I'd like the data beneath this line reproduced exactly, without any of its images.

START Data segment

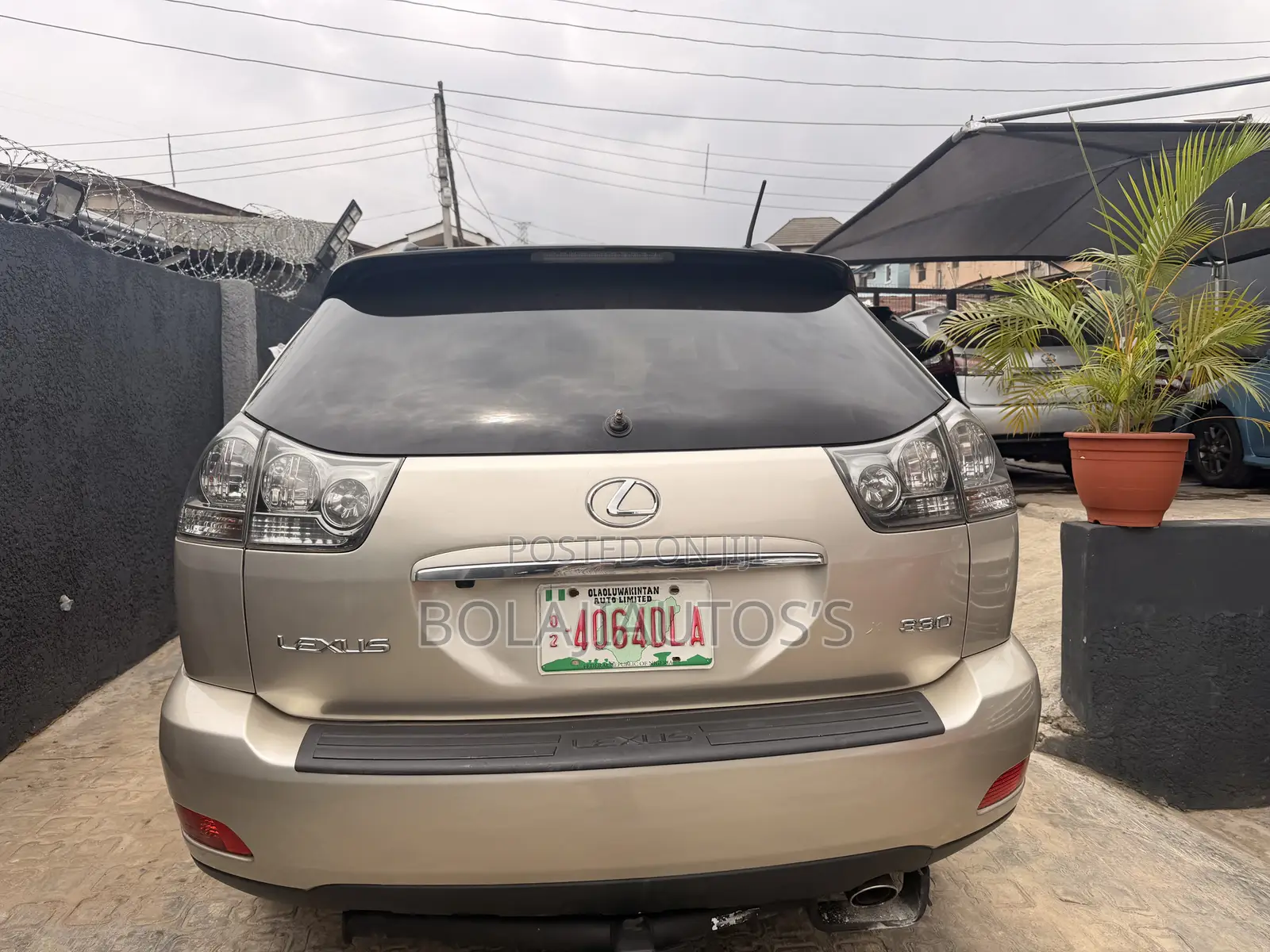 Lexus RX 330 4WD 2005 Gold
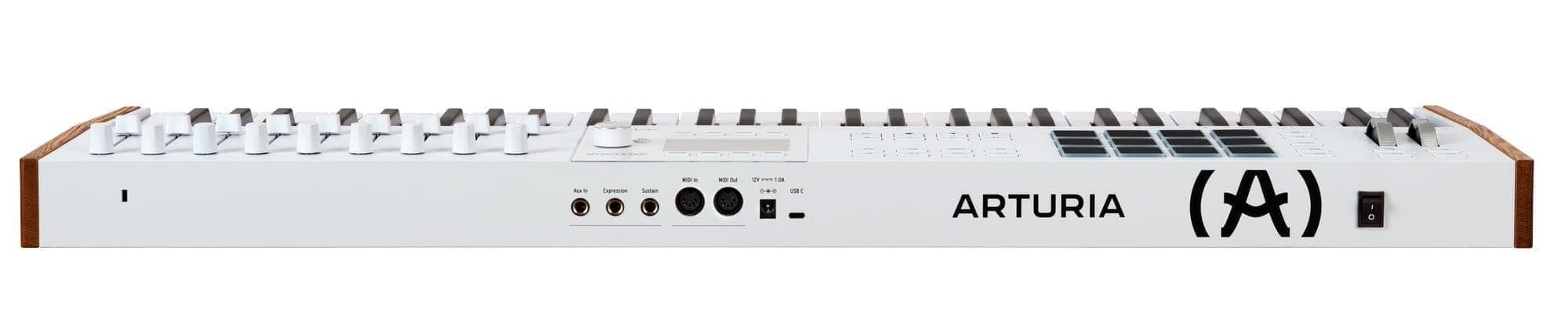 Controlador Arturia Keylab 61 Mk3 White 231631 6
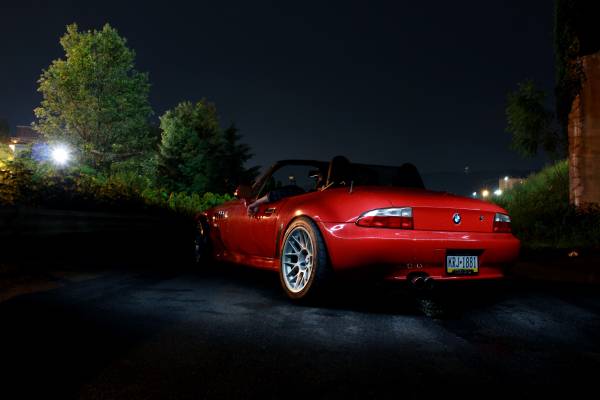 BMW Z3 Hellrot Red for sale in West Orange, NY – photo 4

END Data segment

Response area ▸
 Lexus RX 330 4WD 2005 Gold
 Controlador Arturia Keylab 61 Mk3 White 231631 6
 BMW Z3 Hellrot Red for sale in West Orange, NY – photo 4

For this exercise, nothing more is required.